*** Given entries ***

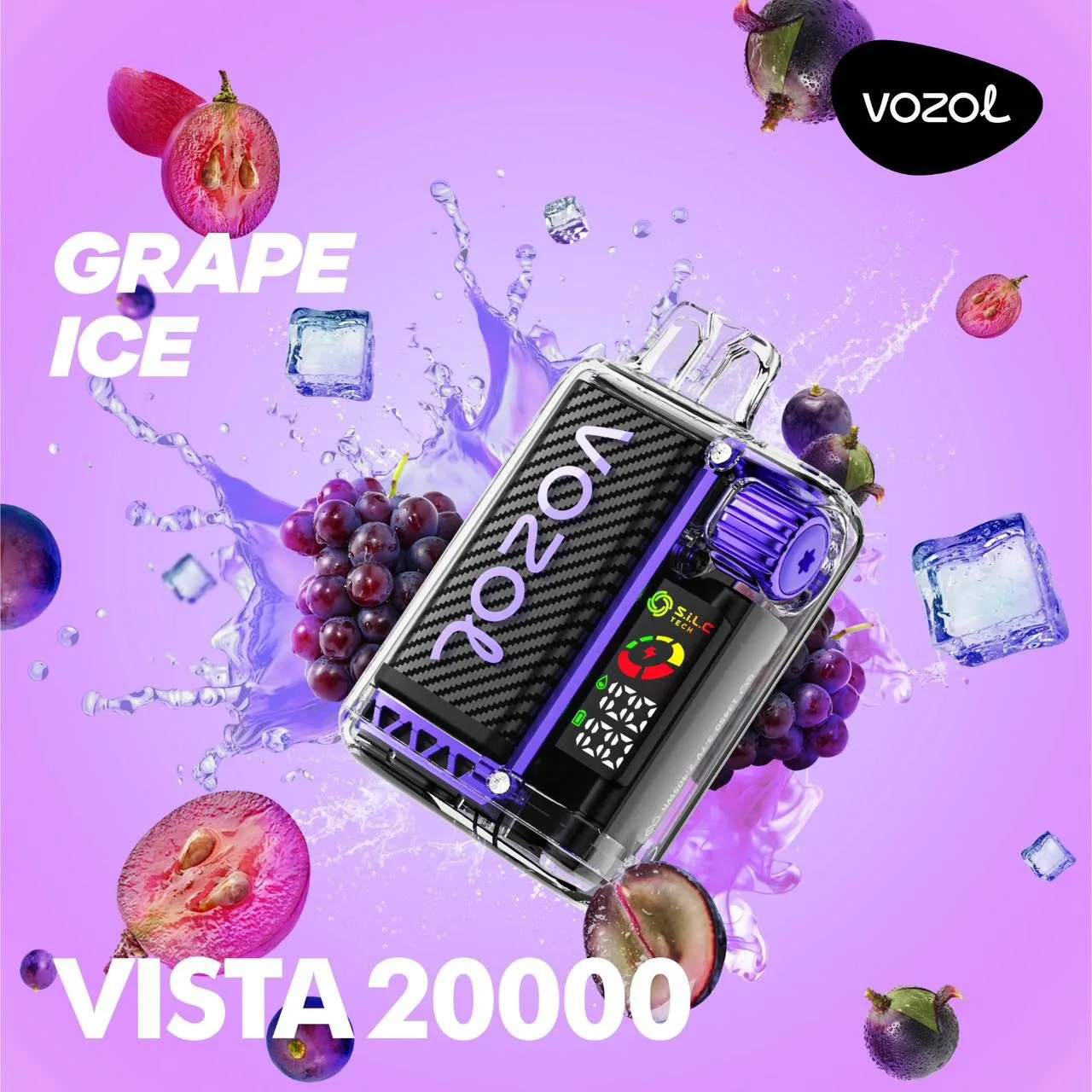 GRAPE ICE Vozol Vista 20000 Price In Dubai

***
*** Given entries ***

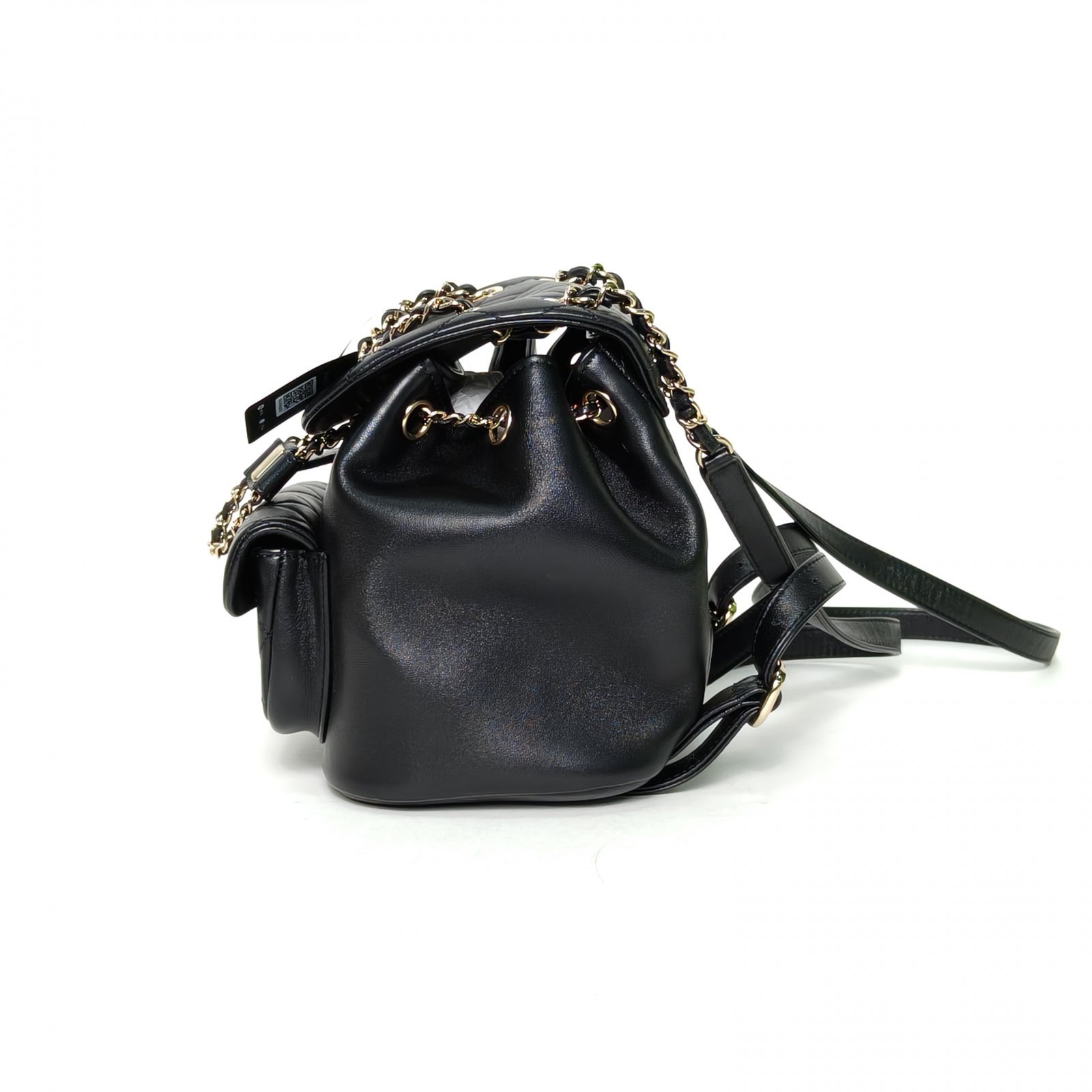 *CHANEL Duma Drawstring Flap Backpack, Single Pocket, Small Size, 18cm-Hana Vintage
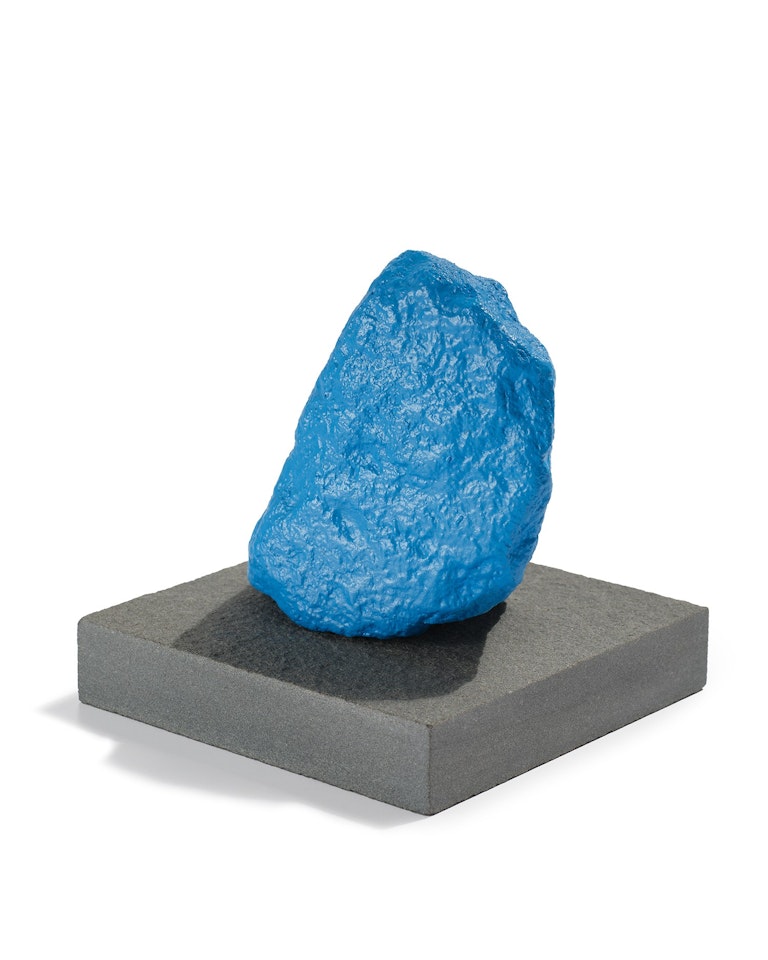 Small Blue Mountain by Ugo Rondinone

***

Task requirements | Repeat, word for word, the lines of the material above from the one holding "Size, 18cm-Hana Vintage" through the one holding "Small Blue Mountain by Ugo Rondinone". Leave out pictures.

Response to this task |
 *CHANEL Duma Drawstring Flap Backpack, Single Pocket, Small Size, 18cm-Hana Vintage
 Small Blue Mountain by Ugo Rondinone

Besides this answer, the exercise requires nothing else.